Predissociation dynamics of D2 + hv→ D(1s1/2) + D(2p1/2,3/2, 2s1/2) revealed by the spin-orbit state resolved fragment branching ratios and angular distributions.

Abstract

For molecular photodissociations, the spin-orbit state resolved fragment branching ratios and angular distributions provide deep insight into the dynamics. For the first excited state of the H(2p1/2,3/2) atom, a branching ratio measurement is a challenge because of small energy spacing between them. For the D(2p1/2,3/2) fragments from the predissociation of D2 + 14.76 eV → D(1s) + D(2s, 2p1/2,3/2) in the 2pπC1Πu (υ = 19) state, we made such measurements by pumping the D(2s, 2p1/2,3/2) fragments to high-lying Rydberg states that are subsequently ionized by a delayed-pulse electric field.
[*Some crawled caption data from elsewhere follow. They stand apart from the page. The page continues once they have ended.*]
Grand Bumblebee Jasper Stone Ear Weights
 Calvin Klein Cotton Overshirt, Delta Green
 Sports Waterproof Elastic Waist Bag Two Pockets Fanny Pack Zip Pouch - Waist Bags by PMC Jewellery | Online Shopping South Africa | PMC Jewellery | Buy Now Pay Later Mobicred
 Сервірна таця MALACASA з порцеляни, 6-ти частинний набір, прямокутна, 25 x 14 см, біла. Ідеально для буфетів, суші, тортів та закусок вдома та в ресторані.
In the 2pπC1Πu (υ = 19) state, the D2 molecule dissociates via both shape and Feshbach resonances correlating to the channels D(1s) + D(2p3/2) and D(1s) + D(2p1/2), respectively. The measured spin-orbit branching ratios, 2p3/2/(2p1/2 + 2p3/2), correspond to the diabatic limit, 2/3, which indicates strong spin-orbit state mixings near the dissociation limits. The spin-orbit state resolved fragment angular distributions also support the diabatic dissociation mechanism and illustrate simultaneous shape and Feshbach resonances for the R(0) transition.